I could easily justify this wrong answer to you. We’ve all had our reasons for taking the easier route. In this case, I had the credit card, ordered the food, and I knew the plan. As long as I did the work, we didn’t have to worry about the church credit card, processing reimbursement, or a volunteer paying out of pocket. It was just easier for me to do it myself. Isn’t this typically the case? And the truth is, it is easier to do it myself.
Here’s the question I ask myself and propose to you.
It’s easier, but is it better?
Does it make for a better ministry when we do go about our work all on our own? Are we equipping others if we do it ourselves? How are helping to setup the long-term success of the ministry?
If you’ve uttered these words to yourself, to someone else, or have heard them in the church let me propose three reason why it’s better to ask someone to help.
- Enlisting Others is a Time Saver: “It takes more time to tell someone else how to do it than if I just did myself.” That’s correct for the first time.
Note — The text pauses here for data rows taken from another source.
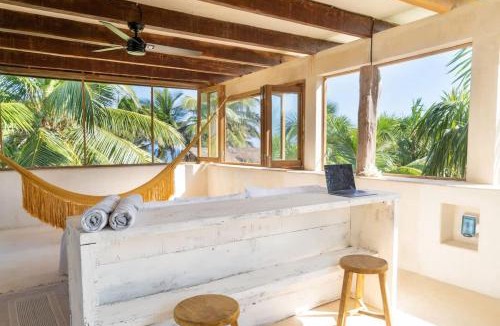 Zona Hotelera Villa | Beautiful 5 BR Beachfront Villa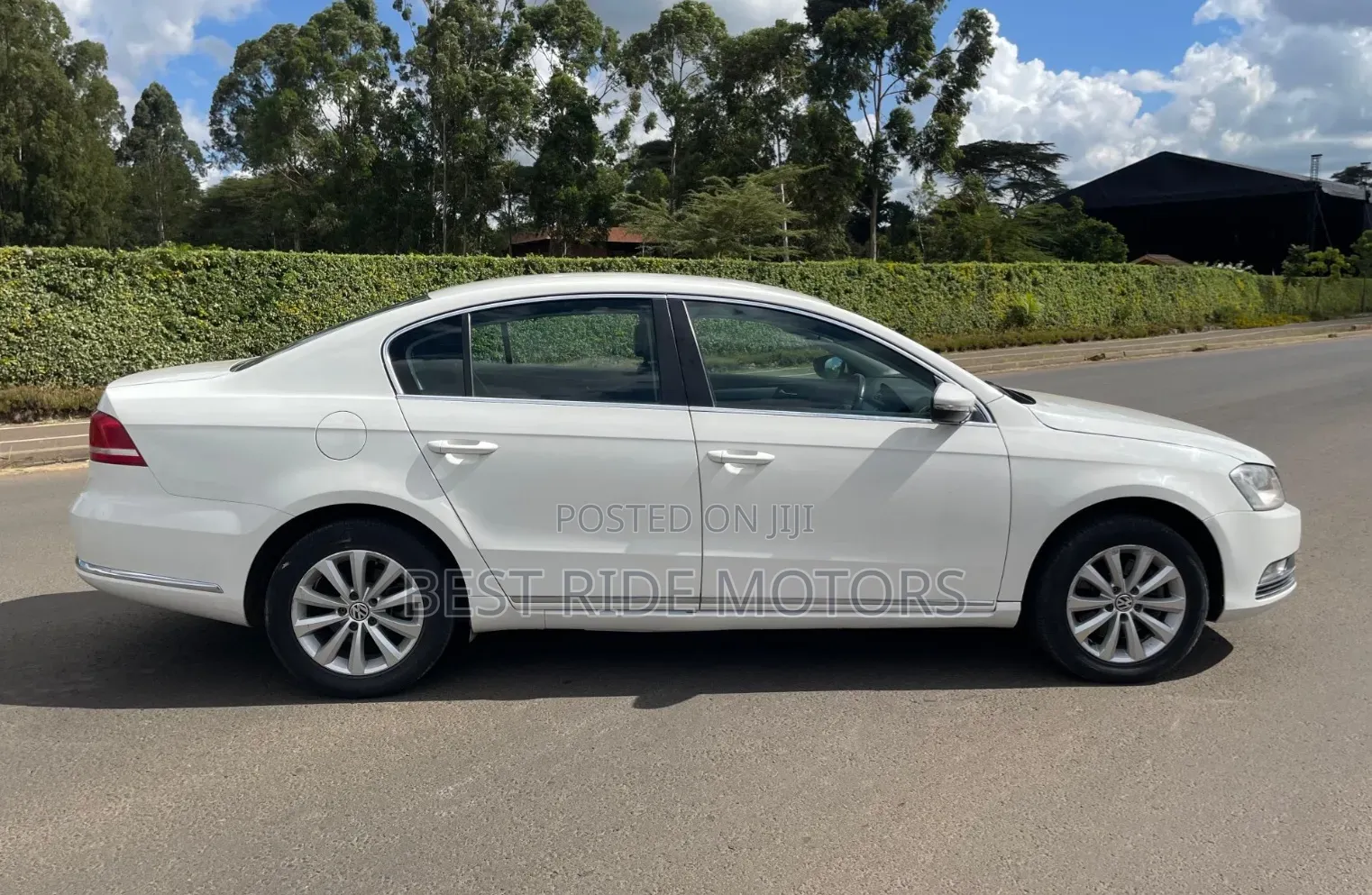Volkswagen Passat 2013 White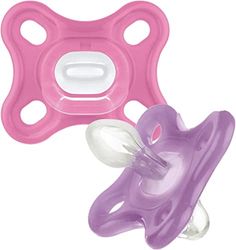 MAM Lot de 2 tétines confortables pour nouveau-né de 0 à 3 mois, livrées dans un étui de stérilisateur, matériaux durables, accessoires pour bébé pour nouveau-né, rose (différents modèles)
However, when you share the work with others you save time for yourself. If you have 20 hours of preparation for a trip and share it with one other person, the work is now accomplished in 10 hours. Every time you enlist someone else, you are investing in time management and developing a ministry that accomplish its work with efficiency. Now that you’ve got that 10 hours back, how will spend that time?
- An Exponential Multiplier: Expressing, in word or action, that you must complete each task means that the impact of the ministry is dependent on one person’s ability, time, and schedule. While we might never explicitly state this out loud, we demonstrate it when we take the workload on our shoulders and don’t ask for help. Rather, the ministry that invests in volunteers will have a deeper and longer-lasting impact on those it is called to serve. I always found that each adult involved the ministry was able to connect with others who I had not been able to reach. For each volunteer you equip, the ministry is prepared for five more people to be involved. If you told me that every $1 invested, I would get $5 back on, I would not hesitate to make that investment. This is how it works with volunteers. What’s stopping you now?
- Opportunity to Procrastinate: This week someone said to me, “I wish I had more time to do the things I love and need to do.” Do you dream of having more time to prepare to teach? More time to spend with those you’re called to serve? What about having more time to invest in the future goals and vision for the ministry? By enlisting others in the ministry, having enough time for what you love to do, can become a reality. However, it will seem like a far-off dream for anyone who takes on more for the sake of easy.
While we can accomplish the work on our own, is it better or is it just easier?
What ways have you fought against the easier way in your work? What benefits have you found when you do?